Een 6′ hoge omheining, die minstens 6′ onder de grond begraven is, wordt aangeraden. 30′ bij 30′ is een minimale hokgrootte voor een gepaard paartje tijdens het seizoen. Voor sommige vogels kan een hok van 80′ x 80′ nodig zijn. De palen moeten buiten de omheining worden geplaatst. Wij geven de voorkeur aan een sterke gelaste draad (2″ x 4″) waar de vogels hun kop niet doorheen kunnen steken en waar roofdieren niet door naar binnen kunnen. De palen moeten buiten de stof staan. Deze vogels zijn bestand tegen onze winters, maar je moet wel zorgen voor een droog onderkomen dat de vogels uit de wind en vocht houdt. De meeste vogels worden binnen opgesloten, om problemen met roofdieren te helpen voorkomen. Voor alle vogels is ten minste een driehoekige schuur nodig, die voor volwassen vogels niet verwarmd hoeft te worden (hoewel infraroodverwarming bij erg koud weer wel aan te bevelen is). Wij adviseren een zand- of vuilaangestampte vloer. Gebruik geen betonnen vloer, tenzij een rubberen mat wordt gebruikt. Er dient altijd vers, schoon water beschikbaar te zijn. Automatisch water is handig, maar moet toch dagelijks worden gecontroleerd. Als u een elektrische boiler gebruikt, zorg er dan voor dat de watertank goed geaard is en dat de boiler ontoegankelijk is voor hun pikkerij. Deze vogels pikken aan verlengsnoeren, voorwerpen die glimmen (zelfs uw ogen en sieraden), en elk voorwerp dat hun aandacht kan trekken. U moet de loopvogels te slim af zijn en problemen voorkomen. Het eten van voorwerpen en metaal is waarschijnlijk een van de meest voorkomende problemen die we zien, soms aangeduid als “hardware”. Raap al het afval op en let dagelijks op metalen voorwerpen, enz. die ze kunnen opeten. Het onderhoud van de gebouwen en de omheining is zeer belangrijk. Benader een volwassen vogel nooit van voren, hun trap kan zeer gevaarlijk zijn. Het vangen en hanteren van deze vogels vereist bepaalde technieken. Wij hebben in de kliniek een boek over deze hanteringstechnieken en/of zie onze hand-out over het hanteren van loopvogels.

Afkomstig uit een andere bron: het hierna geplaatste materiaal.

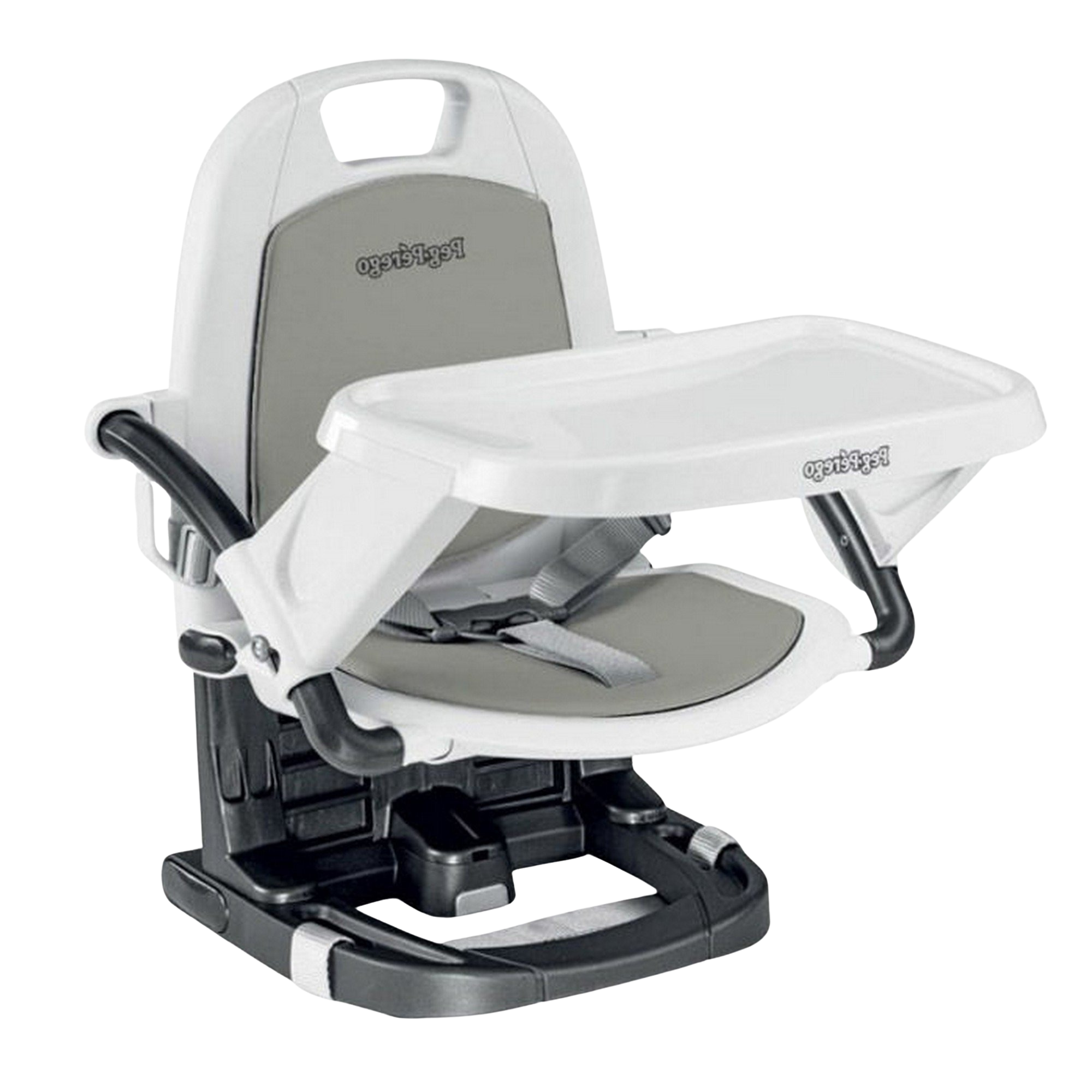 Chaise d'appoint pliante PEG PEREGO Rialto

De voeder- en andere vereisten voor deze vogels zijn niet erg bekend. Wij adviseren de commerciële emoe ratite pellets als 80+ % van hun dieet. Het spijsverteringsstelsel van de emoe bestaat voornamelijk uit dunne darm, vergelijkbaar met dat van een monogastrisch dier. Emoes en Rheas eten in de natuur vruchten en zaden; een volledig loopvogelvoer is beter dan een zelfgemaakt dieet. Het spijsverteringsstelsel van de struisvogel is voornamelijk dikke darm, omdat hun dieet in de natuur voornamelijk uit grassen bestaat. U kunt ze aanvullen met maïs, appels, luzerne pellets, paardensuiker, groenvoer en bieten, zelfs hondenvoer ????. Wij adviseren niet te veel maïs te gebruiken. We raden ook af om tafelresten, junk food, etc. te voeren. Zie onze vogel handleiding voor groenten die schadelijk kunnen zijn voor vogels, evenals onze vogel giftige planten lijst indien u deze producten wenst te voeren. Grit is niet nodig voor vogels op pellets, en deze vogels krijgen normaal zand binnen van het eten van dingen van de grond. Vogels die te veel grind of zand eten, kunnen leiden tot problemen met de impact.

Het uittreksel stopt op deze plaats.